**Action item**
The exercise calls for exact output of the lines between the one that contains "AS-IS Milwaukee 18V" and the end of the data, with both ends kept and pictures left out.

(Stored items)
● ● ● ● ● ● ●

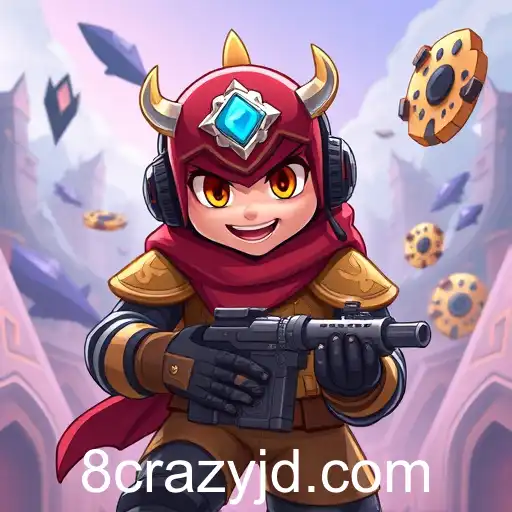 Rise of Crazyjd: A New Era in Online Gaming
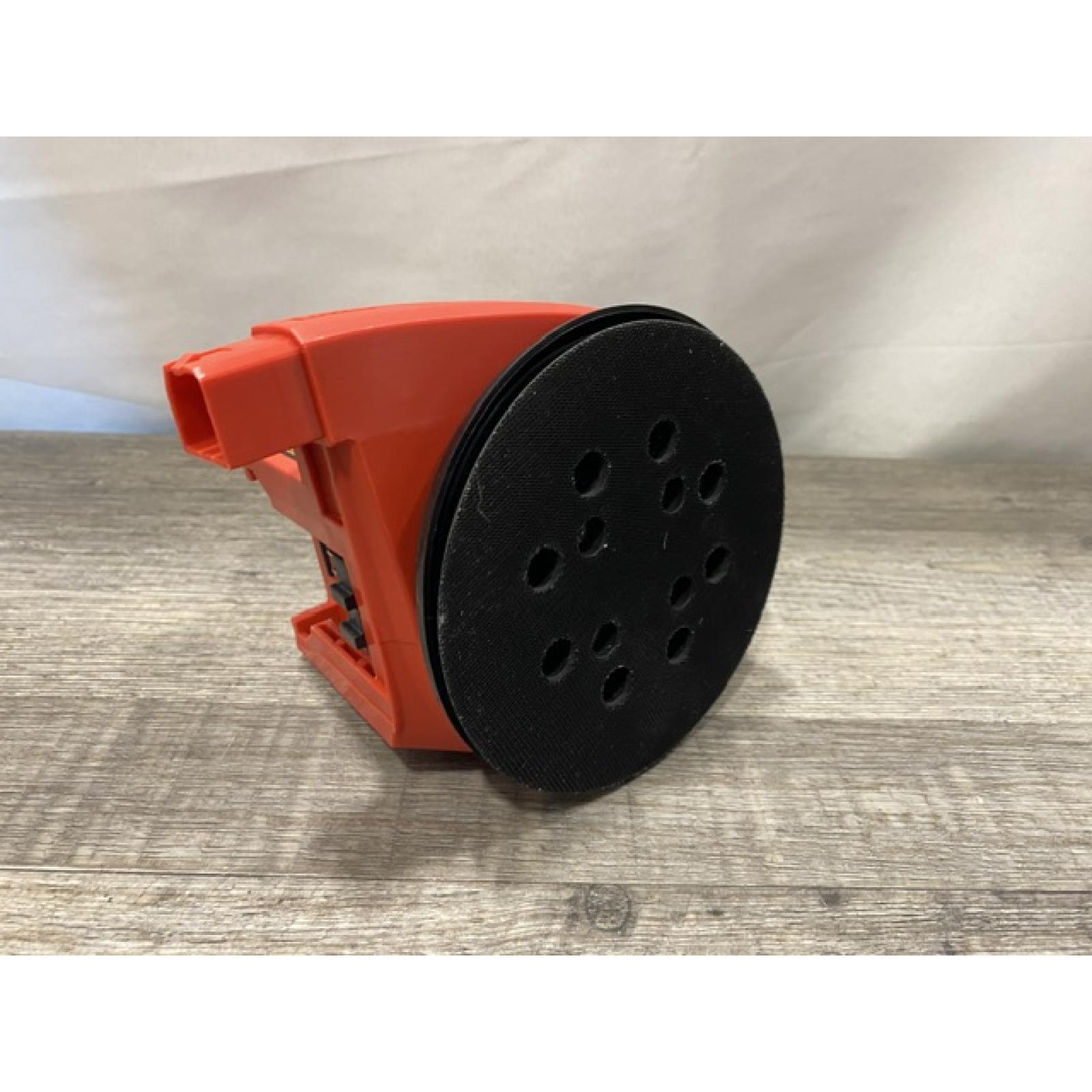 AS-IS Milwaukee 18V Lithium-Ion Cordless 5 in. Random Orbit Sander (Tool-Only)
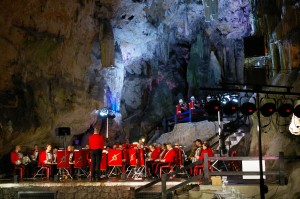 St Michael's Cave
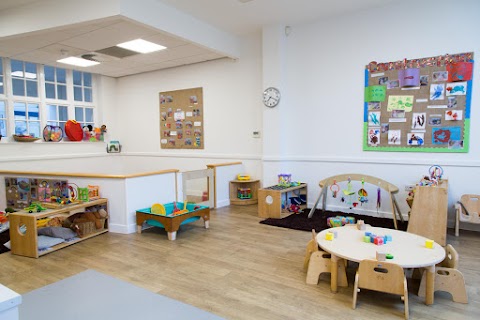 Bright Horizons Mount Carmel Day Nursery and Preschool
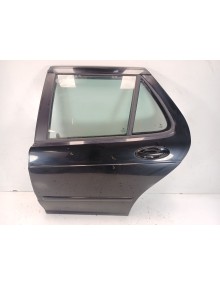 Recambio de puerta trasera izquierda para saab 9-5 station wagon (ys3e) 1.9 tid referencia OEM IAM 5335450  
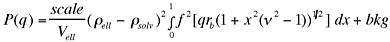 Equation 1v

● ● ● ● ● ● ●

**Result**
 AS-IS Milwaukee 18V Lithium-Ion Cordless 5 in. Random Orbit Sander (Tool-Only)
 St Michael's Cave
 Bright Horizons Mount Carmel Day Nursery and Preschool
 Recambio de puerta trasera izquierda para saab 9-5 station wagon (ys3e) 1.9 tid referencia OEM IAM 5335450  
 Equation 1v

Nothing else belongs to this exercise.